MY KOLKATA EDUGRAPH
ADVERTISEMENT
Regular-article-logo Tuesday, 17 March 2026

Gutted, her grandfather's house - Arathoon Stephen's descendant takes shelter in home for old Armenians

Read more below

POULOMI BANERJEE - WITH MOHUA DAS Published 26.03.10, 12:00 AM

The granddaughter of the man Stephen Court was named after now lives in one room of an address for old Armenians with nowhere to go, barely a seven-minute drive away from her home that is burnt, blackened and out of bounds.

Till Tuesday morning, the day she turned 84, Irene Martin was a “popular, fun-loving” resident of Stephen Court, known to most as “a relative of Arathoon Stephen”, after whom the 18A Park Street building was named.

On Wednesday morning, the feisty Armenian woman looked “disturbed and dazed” as she sat on the Park Street pavement with husband Jimmy Harris, staring at their flat no. 27 of Stephen Court.

On Thursday morning, the homeless octogenarian woke up “incoherent and hallucinating” in the Sir Catchick Paul Chater Home, better known as Armenian Home, in Park Circus.

“Irene Martin is the granddaughter of Arathoon Stephen, who built Stephen Court and also founded the Grand hotel. Her husband Jimmy Harris is an Englishman. They live on the second floor of Stephen Court and we live on the first. We have been neighbours since 1965,” Manu Lilaram told Metro.

Her Armenian friends rescued them on Tuesday afternoon. Peter Hyrapiet, the president of the Armenian Club, recounted: “We were at the club (at Queens Mansion) when the fire broke out and I told another member to get Irene Martin and her husband down.” That was easier said than done as they did not want to leave their home.

“It was hard persuading them,” said Cecil Milne, the honorary treasurer of the club and the caretaker of the Armenian Home. After getting them down, they were taken to the Home. “Ironically it was Irene’s 84th birthday that day,” said Hyrapiet. “We brought a cake to try and cheer her up.”

But to little avail. The morning after, the couple slipped out and went back to Park Street. “They are badly shaken and hallucinating,” said Milne.

This is not the Irene friends have known for decades. “She is like an institution on Park Street. She often walked into our showroom (Satramdas Dhalamal at Queens Mansion), holding her trademark cigarette,” said couture jeweller Raj Mahtani. “She loved to dance, to lift up her skirt and do a little hop in sheer fun,” added Hyrapiet.
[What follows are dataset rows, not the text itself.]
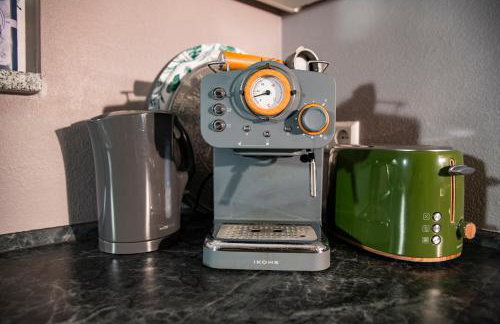 Gemütlich*Stylisch*Netflix*Blick ins Grüne* - Foto 8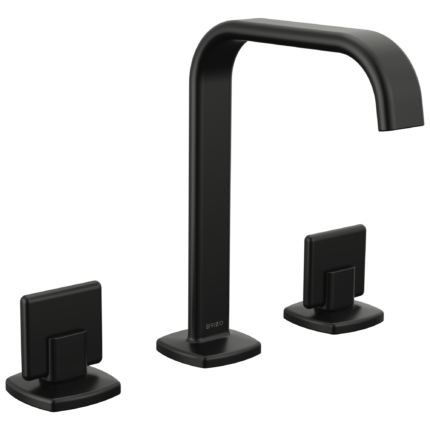 Brizo Allaria® Matte Black 65368LF-BLLHP-ECO with HK5367-BL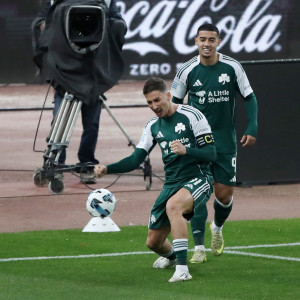 Με... ριμπάουντ του Τζούριτσιτς μετά από χαμένο πέναλτι το πρώτο γκολ του Παναθηναϊκού το 2026 (video)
Irene would often spend time in the auction houses on Russell Street and sit down with a coffee at Flurys.

Nora Arathoon was a friend she would spend a lot of time with. “She was born in Calcutta and baptised in the Armenian Church here. Her grandparents were so rich she never needed to go to work. She spent most of her time looking after the house or taking care of her mother (Anna). She wasn’t very young when she married Jimmy Harris. They don’t have children.”

The grand old lady of Park Street, whose grandfather was the first managing director of Stephen Court Ltd, was described by neighbour Lilaram as being “very nice, very fond of music”. His son, Vijay, fondly added: “A strong personality, a commanding voice and the gift of the gab.”

That is something even the Queen got a taste of. “Irene loved to recount her tea tryst with Queen Elizabeth II when she had visited Calcutta in 1961,” said a friend.